Unfortunately, drug development has been hampered by a limited understanding of the molecular basis of IOP elevation, he adds.
For this reason, Kizhatil is focused on determining the molecular mechanisms functioning in the Schlemm’s canal inner wall that facilitate aqueous humor drainage and control IOP. Elevated IOP likely results when these molecular pathways do not function properly. Thus, the identification of these molecular pathways will allow identification of new targets for a more rational approach to development of effective IOP reducing drugs.

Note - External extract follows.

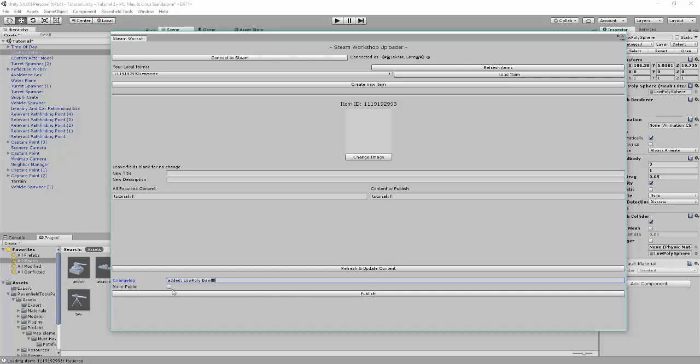So we're going to publish it. Let's go. And then it will upload the content.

Kizhatil’s glaucoma research really began picking up speed when mice were introduced to the lab of JAX professor and Howard Hughes Medical Institute investigator Dr. Simon W.M. John. The John lab was a pioneer in using mouse for glaucoma studies and among the first to show that mice have a Schlemm’s canal that is very similar to humans.
In 2014 Kizhatil was the first author of a paper from the John lab which, using mice, determined that the Schlemm’s canal was a unique vessel with features common to both blood and lymphatic vessels. Kizhatil has identified a gene that is a key regulator of lymphatic development and function is expressed in the inner wall of the Schlemm’s canal. This gene appears to control IOP.
Kizhatil will use the NIH grant to fund his exploration of this candidate gene, which he expects to yield critical new information on the mechanisms regulating IOP.